Geplante Eigenheim-Siedlung sorgt für Streit in Chemnitz-Mittelbach
Chemnitz - Eigentlich ist die Welt im Chemnitzer Ortsteil Mittelbach "An den Gütern" noch in Ordnung: eine verträumt gelegene Eigenheimsiedlung, weite Felder, kaum Verkehr. Doch über der Idylle sind dunkle Wolken aufgezogen.
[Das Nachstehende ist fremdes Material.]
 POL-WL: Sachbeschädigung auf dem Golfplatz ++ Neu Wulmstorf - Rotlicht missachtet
Ein Chemnitzer Planungsbüro will seit Jahren ein altes Gehöft zu einem "attraktiven denkmalgeschützten Mehrgenerationen-Wohnungsstandort" umbauen. Zwei weitere Einfamilienhäuser seien auf der Wiese davor geplant, so Chef Mario Heinze.
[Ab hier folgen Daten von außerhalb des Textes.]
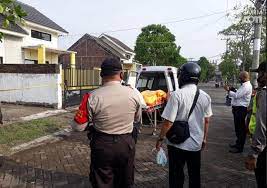 Bien, aucune adresse email n'a été trouvée en texte brut. Cinta Ditolak Janda Perjaka Nekat Gantung Diri Beritajatim Com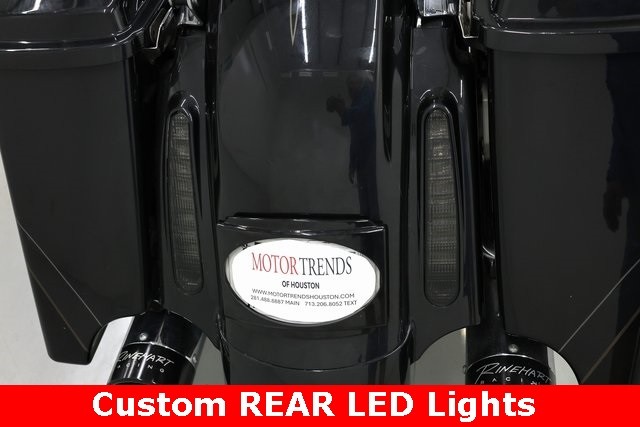 Harley-Davidson Street Glide Thumbnail Image 70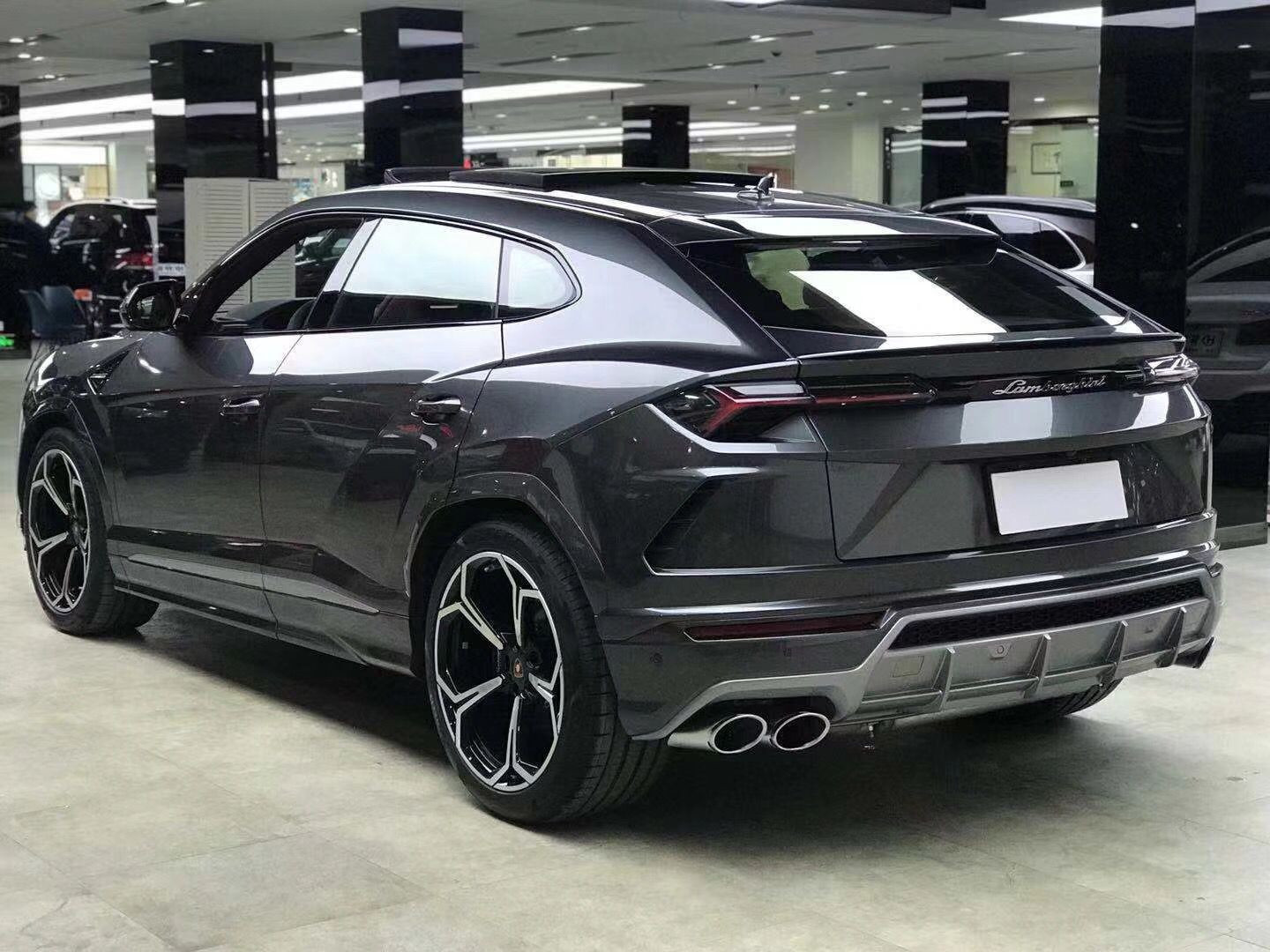 19款兰博基尼urus津港现车手续齐可分期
Die Anwohner beobachten die Vorgänge seit 2018 mit wachsendem Unmut.
"Hier war eine gewachsene dörfliche Struktur, eine Streuobstwiese, Pferde", sagt Sven Sehrer (59). "In den alten Gebäuden waren Fledermäuse und Falken. Das alles ist verschwunden."
Seine Schwester Katja Nitsch-Sehrer (45) ergänzt: "Wir verlieren hier immer mehr Lebensqualität. Es werden nach Belieben Bäume gefällt, plötzlich haben wir eine anderthalb Meter hohe Aufschüttung vor den Augen, und das Oberflächenwasser fließt uns auf die Grundstücke."
Der Bauherr weist jegliche Schuld von sich
Bauherr Mario Heinze wiederum weist jegliche Schuld von sich. Er habe nur Bäume beseitigt, die krank und nicht mehr zu retten waren. Die Aufschüttung "erfolgte zu einem Zeitpunkt, als das Gelände noch Innenbereich war" (im Baurecht ein im Zusammenhang bebauter Ortsteil).
Außerdem habe ihm niemand "schriftlich oder mündlich irgendwelche Probleme mit Oberflächenwasser angezeigt, die auch nicht vorliegen können".
Die Anwohner, aber auch das Rathaus sehen das alles anders.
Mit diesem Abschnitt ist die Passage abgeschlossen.